YOUR INSTRUCTIONS: Would you repeat word for word the lines of the listing that follows, from the one with "Kit Completo Skincare" up to and including the one with "Under Sink Organisers, Metal", and leave out the images?

RAW DATA:
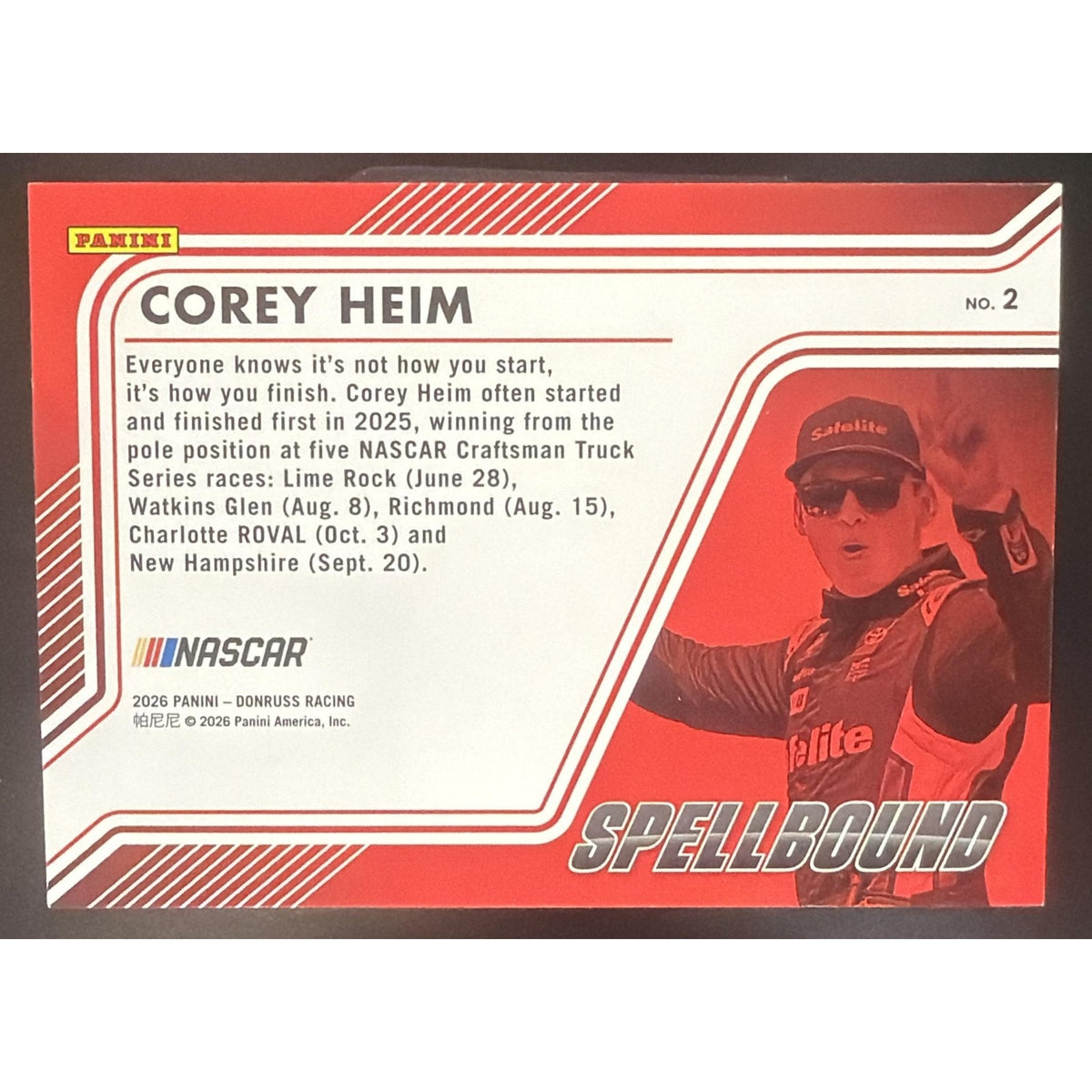 2026 Panini Donruss NASCAR Racing Corey Heim #2 Spellbound Carolina Blue Ice /99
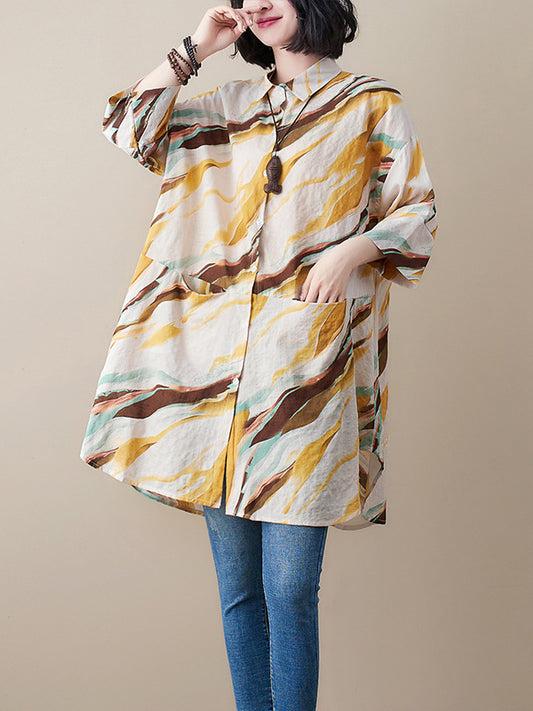 Artistic Retro Contrast Color Printed Split-Joint Blouse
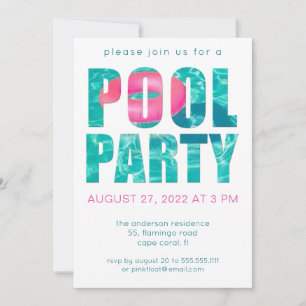 Fun Tropical Pool Party Invitation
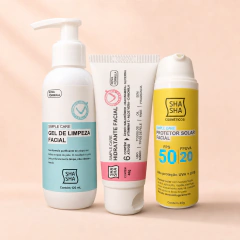 Kit Completo Skincare Facial SHA SHA | Gel 120mL + Hidratante 40g + Protetor FPS50 45g | Todos os Tipos de Pele
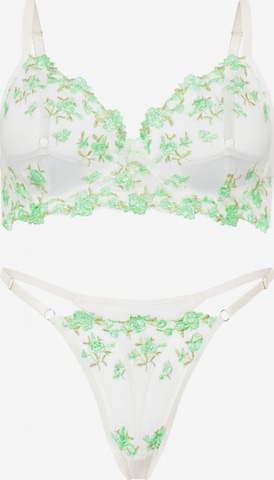 Orchibelle Bralette Underwear Sets in Green: front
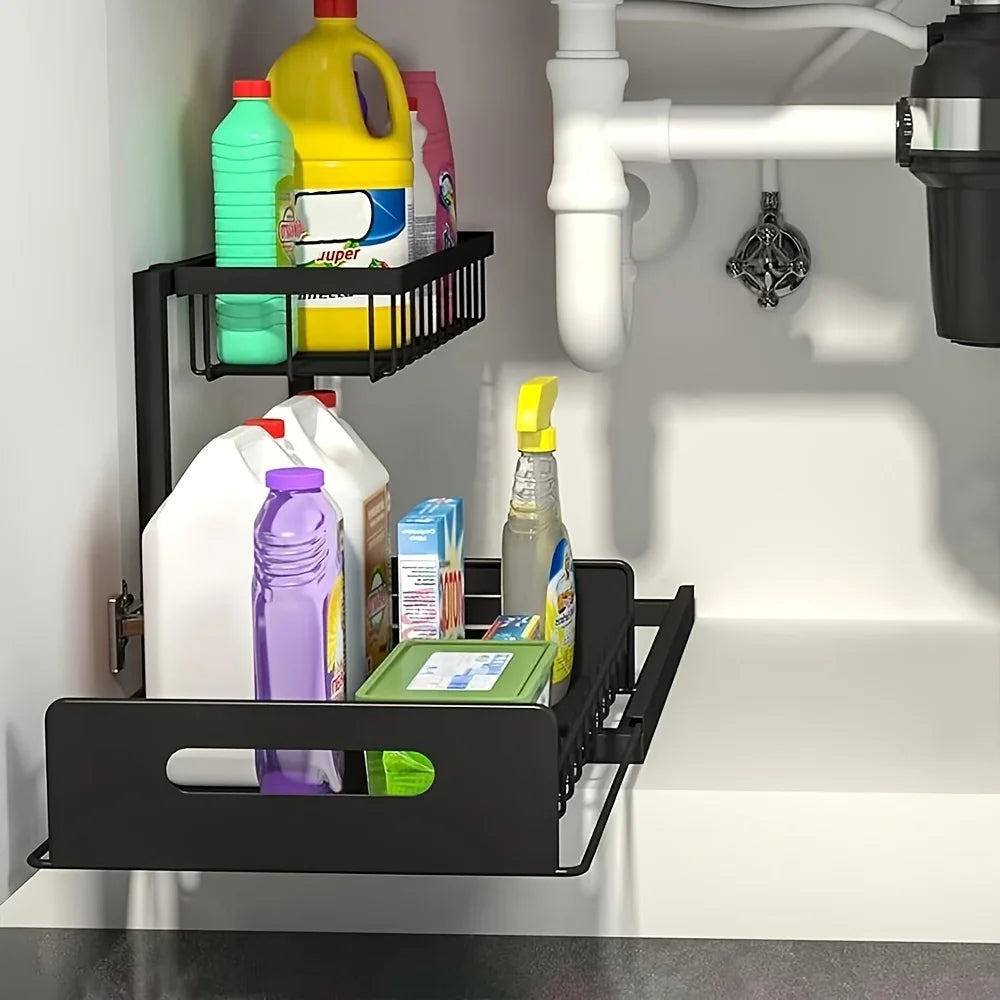 Under Sink Organisers, Metal Pull Out Under Sink Organisers,Storage Shelves with Sliding Drawer,Under Sink Storage for Kitchen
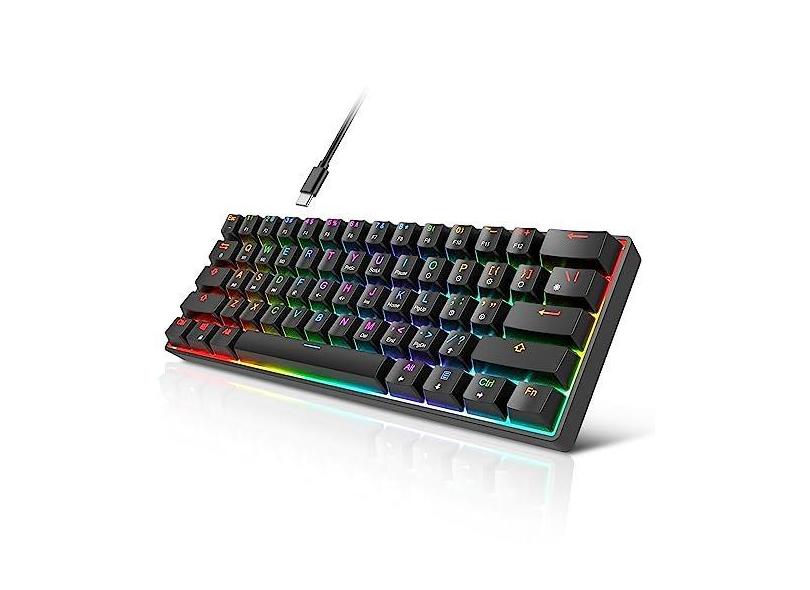 targeal Teclado mecânico para jogos 60% - 61 teclas Gateron Brown Switch Silencioso Teclado de Computador de Escritório - Multicolorido RGB Rainbow Led Retroiluminado - Programável para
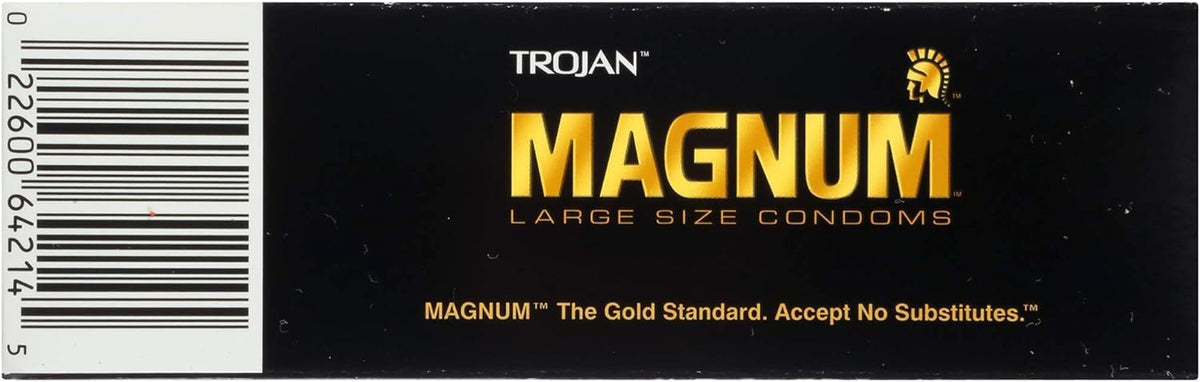 Magnum XL Size Lubricated Latex Condoms - 12 ct, Pack of 6 Z25100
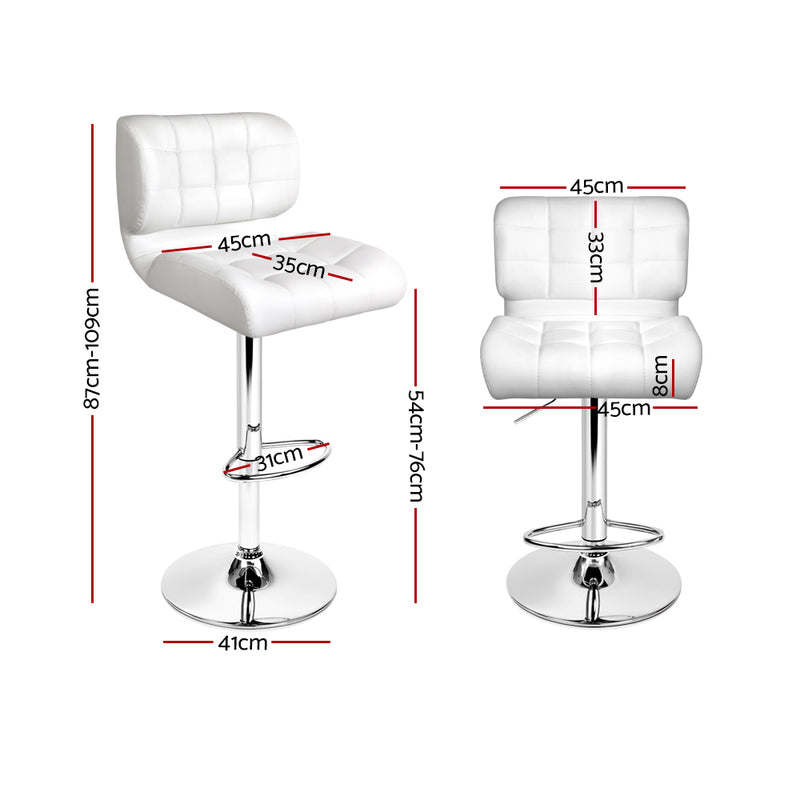 Set of 4 - Leather Gas Lift Bar Stools - White and Chrome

YOUR SOLUTION:
 Kit Completo Skincare Facial SHA SHA | Gel 120mL + Hidratante 40g + Protetor FPS50 45g | Todos os Tipos de Pele
 Orchibelle Bralette Underwear Sets in Green: front
 Under Sink Organisers, Metal Pull Out Under Sink Organisers,Storage Shelves with Sliding Drawer,Under Sink Storage for Kitchen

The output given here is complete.